I cannot do the splits. But there is no doubt that if I started doing stretching exercises, eventually I would be able to. Along the way I would stretch enough that it would hurt, but eventually I would develop the flexibility and strength to do it. The length between my feet when doing the splits might not be as long as other people who are taller than I am (which is most, for I'm only 5'6"), but until I spend the time stretching, I have no idea what my limit would be.
We all have our limits, and you are certainly correct that some people have longer fingers than others. But the point Rob made here is that people should not give up too early on longer instruments without giving their hands time to stretch and strengthen.
When I was a kid learning the guitar, I, too, thought that I could never do barre chords. Even the barre across the B and E strings that's necessary for a simple F chord seemed impossible. But one summer I decided to attack the problem. I would push my index finger down with my right hand to force it into position. It hurt. I forced myself to hold some of those (painful) positions as long as I could. I did that many times every day. Little by little the pain went away, and little by little the muscles in my finger strengthened, and by the end of the summer I was playing barre chords with ease. What is necessary for barre chords is not a long finger, but sufficiently developed muscles in our finger. Theoretically someone might have a finger that is too short to reach across the guitar fretboard--but toddlers and midgits aside--I don' t think there are many.

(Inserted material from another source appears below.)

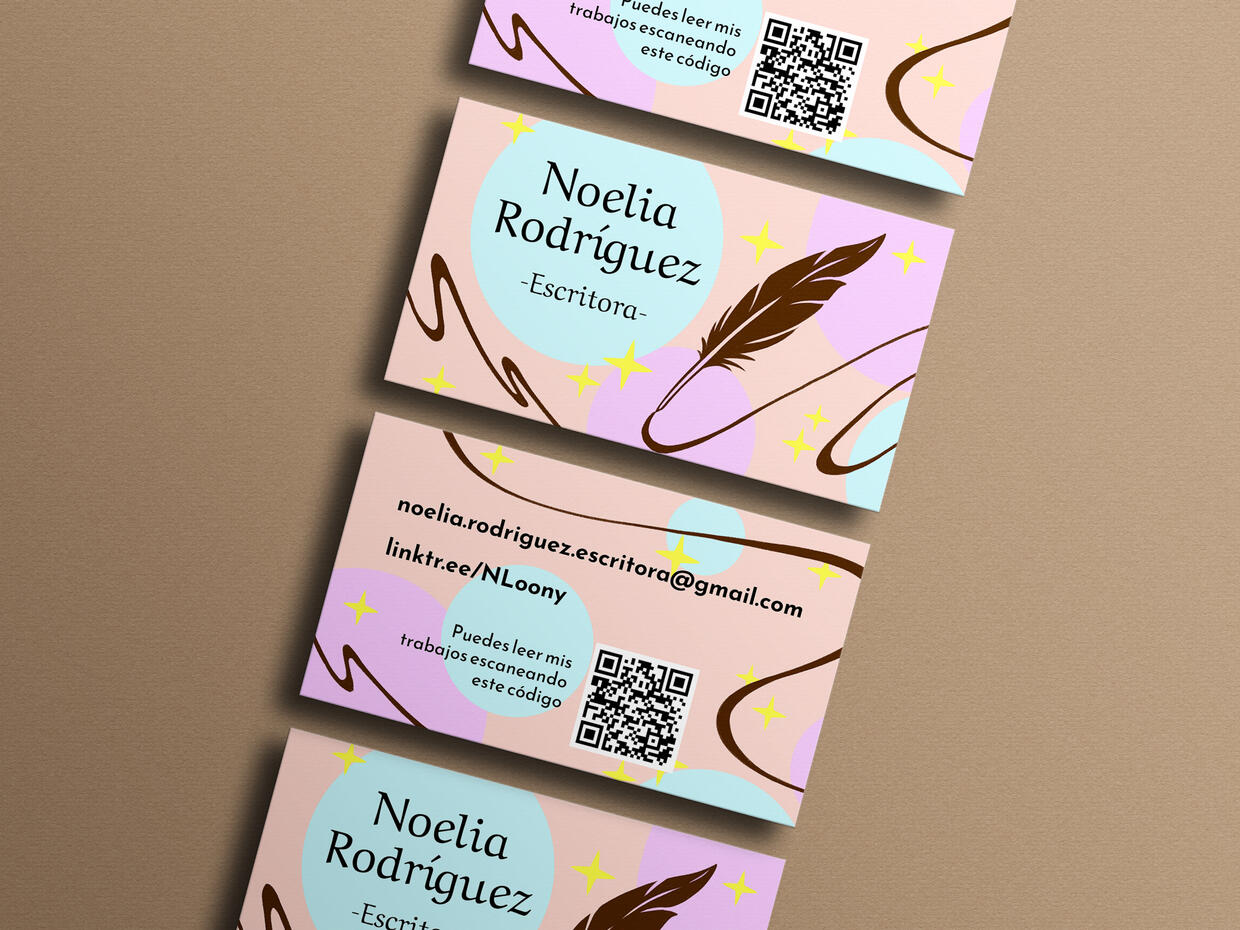 Business card design for Noelia Rodríguez, writer.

No one is born with a pinky strong enough to depress a heavy bass string and get a pure sound. Some people try and decide that their pinky can't do it and they never use their pinky. Others work on it and eventually develop the strength to play. The lesson that Rob is trying to impart is to not decide "I can't do something" without genuinely taking the time to work on it.
There's a guy I see at local dulcimer events a few times a year. He plays a McSpadden Ginger tuned to DAd because he says his hands are too small for a full-sized dulcimer. But when we held our hands together, he realized that his hands were much longer than mine. I tried to convince him to get a bigger dulcimer for tuning in D and tune his Ginger up to G or A where it belongs. He decided that he's been playing too long (over ten years) to make the adjustment now. Maybe he's right. Ten years is a long time to things one way. But I bet ten years ago had he stuck it out with a full-sized dulcimer, he would be able to play it perfectly well.
Dusty T., Northern California
As a musician, you have to keep one foot back in the past and one foot forward into the future.